Prostate cancer is the most common cancer in men. While incidences of the disease are declining, roughly 21,000 Canadian men are still diagnosed each year, with 1 in 29 cases taking an aggressive and deadly form. At the Vancouver Prostate Centre (VPC), Vancouver Coastal Health Research Institute scientists, Dr. Artem Cherkasov and Dr. Paul Rennie are combining teamwork and state-of-the art technology to try to bring those numbers down. In their work they focus on the androgen receptor (AR)–a protein that is regulated by male hormones and represents one of the main drivers of prostate cancer.
"Prostate cancer tumours need androgen receptors to live and progress. If you can shut down these receptors you can eliminate prostate cancer."
Using a computer modelling system that can scan a database of hundreds of millions of molecules, Cherkasov develops virtual anti-AR drug candidates. Then, if they have good potential, he hands them over to Rennie for real-life experimental evaluation. “We first discuss which area of the AR protein to focus in on,” says Rennie. “Art brings the hammer and I tell him where to hit. It is a great partnership.”
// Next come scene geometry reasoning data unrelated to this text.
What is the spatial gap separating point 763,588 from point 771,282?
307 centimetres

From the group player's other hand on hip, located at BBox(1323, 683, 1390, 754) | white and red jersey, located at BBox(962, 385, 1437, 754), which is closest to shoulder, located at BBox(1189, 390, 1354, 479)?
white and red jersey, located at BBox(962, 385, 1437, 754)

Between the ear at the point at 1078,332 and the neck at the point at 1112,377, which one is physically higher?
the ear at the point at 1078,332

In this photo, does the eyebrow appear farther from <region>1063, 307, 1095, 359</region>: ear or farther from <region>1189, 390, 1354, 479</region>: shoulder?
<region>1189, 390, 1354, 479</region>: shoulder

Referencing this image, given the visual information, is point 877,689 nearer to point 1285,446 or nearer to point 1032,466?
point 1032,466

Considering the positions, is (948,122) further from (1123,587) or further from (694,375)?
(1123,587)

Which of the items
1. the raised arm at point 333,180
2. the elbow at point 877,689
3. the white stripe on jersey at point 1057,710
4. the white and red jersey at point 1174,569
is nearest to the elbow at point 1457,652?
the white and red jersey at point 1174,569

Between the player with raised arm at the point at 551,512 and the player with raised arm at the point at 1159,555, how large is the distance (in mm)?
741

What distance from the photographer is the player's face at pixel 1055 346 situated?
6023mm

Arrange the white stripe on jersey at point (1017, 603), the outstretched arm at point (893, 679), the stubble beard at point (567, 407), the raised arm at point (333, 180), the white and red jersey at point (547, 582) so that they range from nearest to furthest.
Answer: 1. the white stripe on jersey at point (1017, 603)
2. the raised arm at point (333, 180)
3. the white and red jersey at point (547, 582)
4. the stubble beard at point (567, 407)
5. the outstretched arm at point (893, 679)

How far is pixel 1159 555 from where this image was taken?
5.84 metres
Over the years, countless anti-AR drugs have been developed to attack what appears to be a simple, single target. But it is far from simple—AR is incredibly drug-resistant. It mutates rapidly and in the case of progressive prostate cancer, it learns how to outmanoeuvre new drug therapies very quickly.
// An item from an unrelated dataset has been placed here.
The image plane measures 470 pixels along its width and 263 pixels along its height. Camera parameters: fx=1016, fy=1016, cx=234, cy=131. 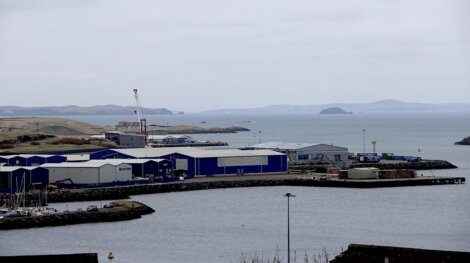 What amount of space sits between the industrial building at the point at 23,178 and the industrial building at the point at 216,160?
5246mm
“It’s like whack-a-mole,” says Rennie. “You hit it down, but it pops up again. In the interim the patient gets several months to a year or so. But it comes back.” In some patients, the mutated AR is even able to use the drug to accelerate cancer growth.
“We know that AR is very capable of mutating. Everything that is on the market has already been countered by those mutations. We hope to bypass that stage.”
The when and where of the attack
Current anti-AR drugs typically target AR at its early stage of activation, which is a complex and multi-step process. So Rennie and Cherkasov are shifting the timeline. The team has designed a drug compound to attack AR at a later stage of its activation in a cell, called dimerization. Dimerization is when two AR proteins are joined to then become a fully activated AR complex. It is only after this dimerization stage that AR becomes a driver of various biological process including those that regulate the development of prostate cancer.
“No one else has been able to address this stage before,” says Cherkasov. “Using our technology, we are the first to try and target that downstream step. Our approach is showing good results in initial in vitro experiments.”
This new drug prototype also targets a different region of the AR protein than other anti-AR drugs. Rennie calls it the ‘business end’ of the AR, a core region crucial to the protein’s survival and therefore less likely to mutate and cause more aggressive cancer.
“That’s the beauty of it; it can potentially be applicable for even the hard-to-treat cases. And, theoretically, this drug could shrink existing tumours as well as prevent the growth of new ones.”
Cherkasov says having access to the right tools has given his team the leading edge in prostate cancer research—without the aid of his computer models at VPC, he would not have been able to find and target this region of the AR protein. The team plans to move on to pre-clinical testing in the next six months, and hopes for clinical trials of the dimerization compound within two to three years. A summary of their findings is published in the latest edition of Science Direct.